El caso es que mi deseo se iba haciendo cada vez más grande, sobre todo cuando llegaban las fiestas
de mi pueblo: los Sanjuanes de Coria y los encierros a caballo por la amplia avenida; el campanear
de los cencerros, el bufar de los toros, el galopar de los caballos camperos y aquellos hombres que a
mí me parecían héroes, conduciendo la manada entre el gentío y la música.
Antes de que se abriera la puerta del chiquero, los hombres con sus gorras y sus rostros surcados
por el azote del viento y el sol, calentaban sus cabalgaduras para que estiraran sus músculos con
pequeños y rápidos galopes y frenaban en seco, marcando una raya sobre el áspero suelo. Algo que
con el tiempo he aprendido que se llama “ parada a raya “.

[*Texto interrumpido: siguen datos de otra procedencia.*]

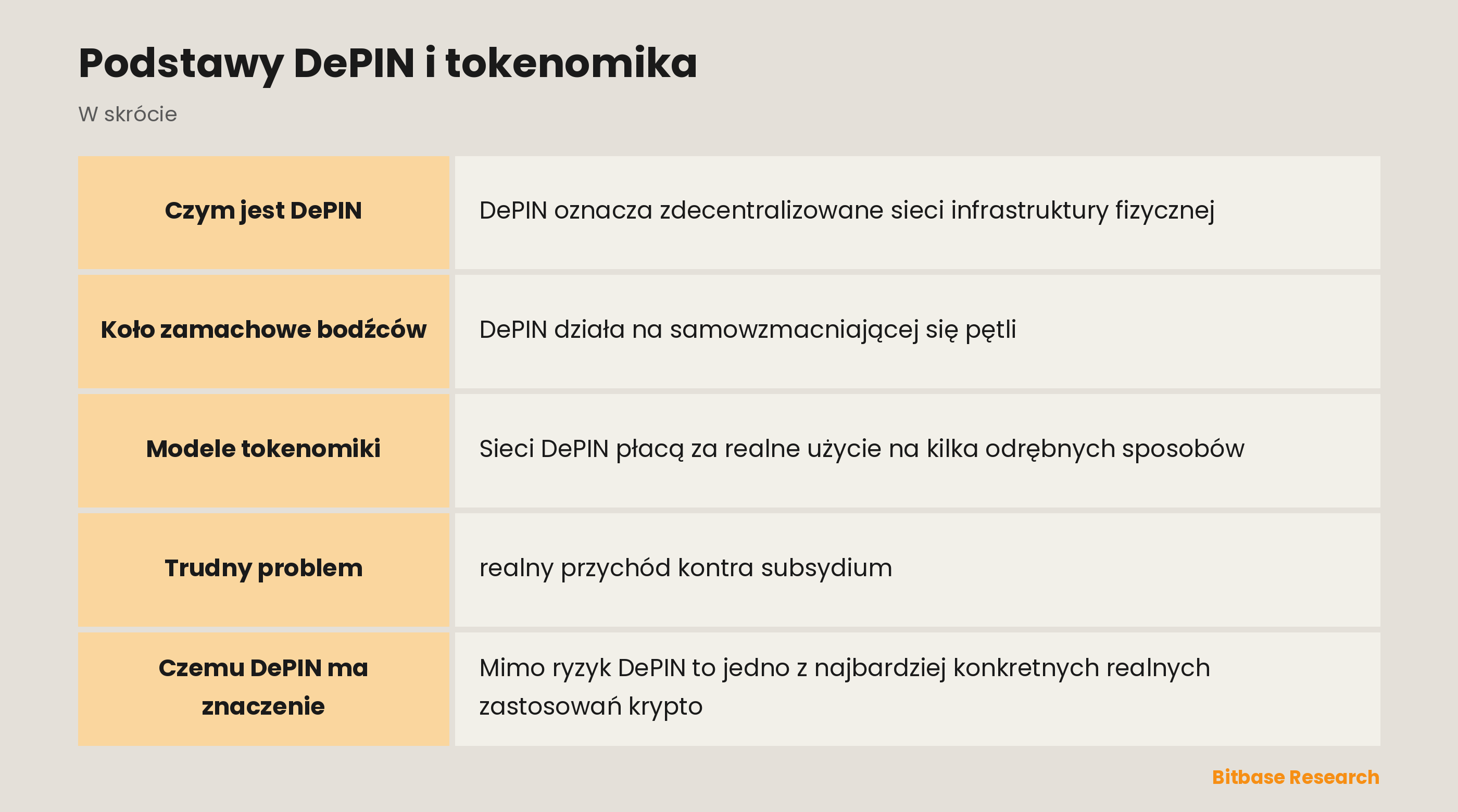 Podstawy DePIN i tokenomika: najważniejsze informacje w skrócie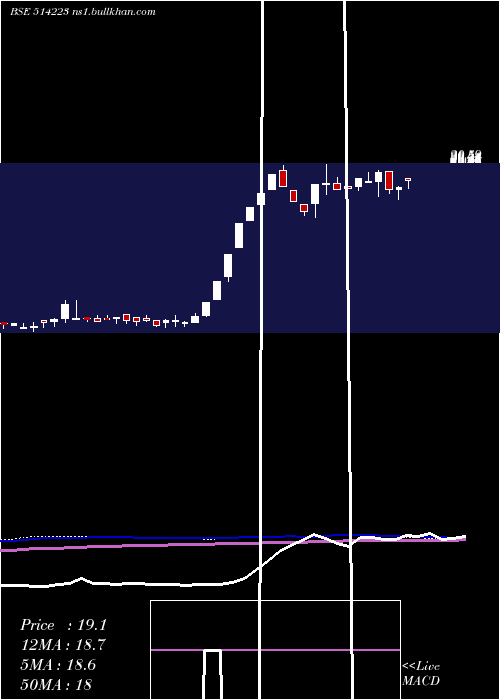  weekly chart RamgopalPol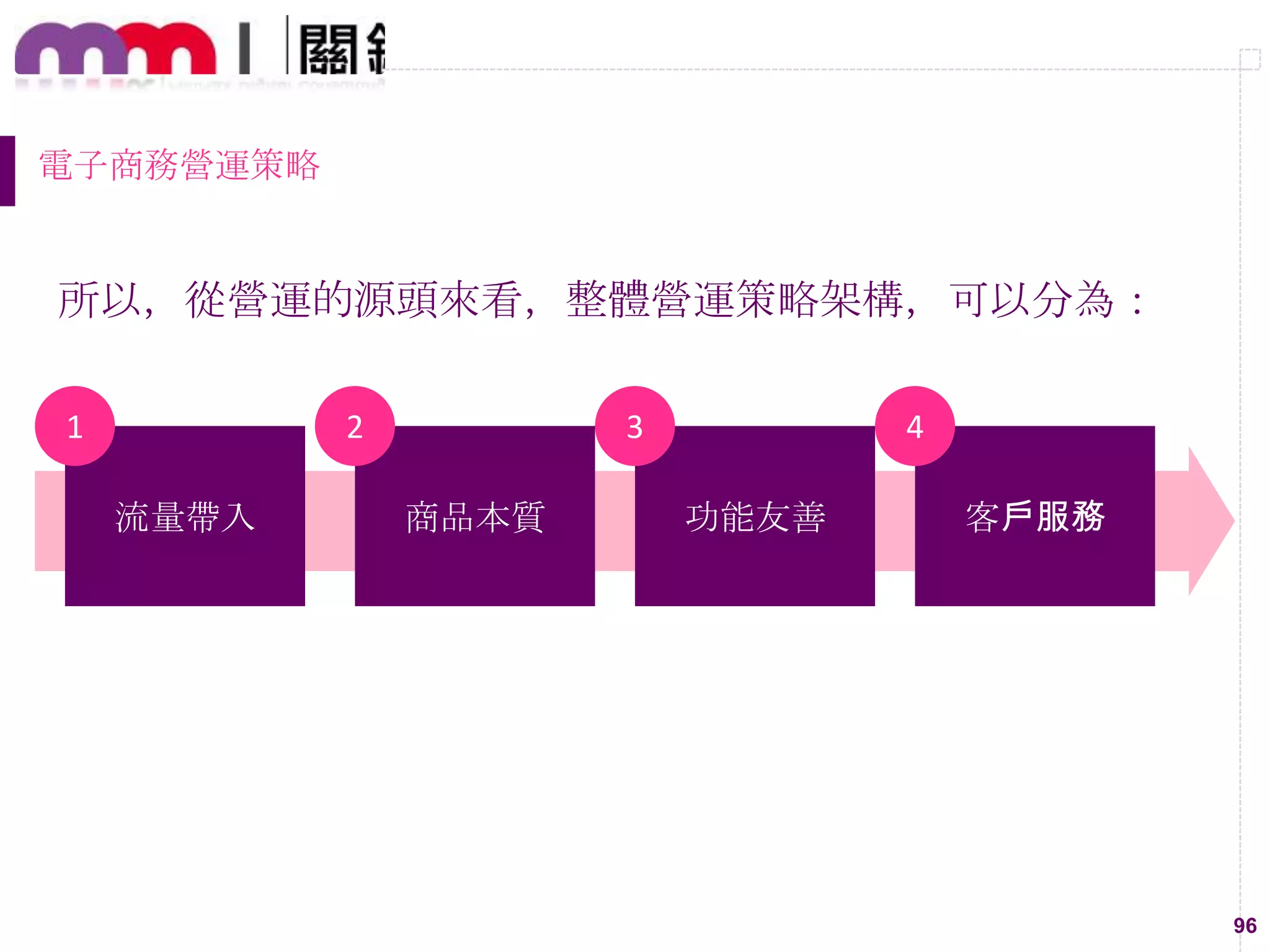 96
電子商務營運策略
所以，從營運的源頭來看，整體營運策略架構，可以分為：
流量帶入 商品本質 功能友善 客戶服務
1 2 3 4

Yo soñaba con aquellos hombres y sus cabalgaduras, soñaba en ser como ellos un valiente y un
jinete libre, con los cabellos y la cara al viento.
Porque el encierro no sólo consistía en amparar a la manada hasta conducirla a su destino, sino que
en ocasiones, algún toro se paraba pidiendo pelea con sus astifinas astas apuntando al cielo y
embistiendo a diestro y siniestro, provocando un pánico generalizado y unos nervios que sólo los
más valientes eran capaces de templar; era entonces cuando el vaquero o el mayoral a caballo y sin
la menor dilación, citaba con su cabalgadura a la enfurecida bestia y a golpe de cola y recortando
como un torero, lo reintroducía en el redil, o hacia algún quite salvando la vida a más de un joven
corredor. Era tal el arrojo, la serenidad y la templanza de aquellos jinetes, que no podía menos que
mirarlos como lo que eran: unos paladines del valor que ni siquiera parpadeaban al embiste del
bruto.
Así fue como poco a poco, me fui aficionando al mundo del toro, siguiendo la estela de aquellos
“ caballeros “ por cuantos encierros a caballo se corrían por los alrededores.
¡¡ Cómo no admirar aquella elegancia, aquella delicadeza, aquel inconfundible estilo ¡¡
Así que cuanto más me preguntaban, más me reivindicaba.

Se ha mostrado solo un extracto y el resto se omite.